- St Julien's Location of St Julien's in Newfoundland
- Coordinates: 51°06′17″N 55°44′43″W﻿ / ﻿51.10472°N 55.74528°W
- Country: Canada
- Province: Newfoundland and Labrador

Population (2021)
- • Total: 10
- Time zone: UTC-3:30 (Newfoundland Time)
- • Summer (DST): UTC-2:30 (Newfoundland Daylight)
- Area code: 709
- Highways: Route 438

= St. Julien's, Newfoundland and Labrador =

St. Julien's, also known as Grandois and Grandois-St. Julien's, is a small fishing community on the eastern shores of the Great Northern Peninsula on the island of Newfoundland in the Canadian province of Newfoundland and Labrador. The community is accessible via an unpaved road, Route 438, which branches off of Route 432 near the community of Main Brook.

Near the community is an abandoned copper mine which has been recently re-discovered with potential new mining quantities.

During King George's War, the village was attacked in the Newfoundland Campaign (1744).

St. Julien Island appears on the earliest maps of Newfoundland. The French fished in the area as early as the 1500s. Along with the nearby harbours of Grandois and St. Julien, this was a popular destination for French vessels because of its close proximity to the administrative headquarters at Croque.
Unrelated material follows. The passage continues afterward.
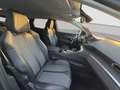 Peugeot 3008 1.6 HYBRID PHEV Allure Pack Grau - thumbnail 13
Grandois, pronounced GRAND-swah, comes from the French Les Grandes Oyes, meaning Great Geese. Bricks from French bread ovens, gravesites and engravings have been found throughout the area.

In 1822, the French hired George McGrath as the guardian of their fishing premises during the winter months. By 1857 other settlers had appeared, and after 1874, the French had moved most of their fishing operations farther north.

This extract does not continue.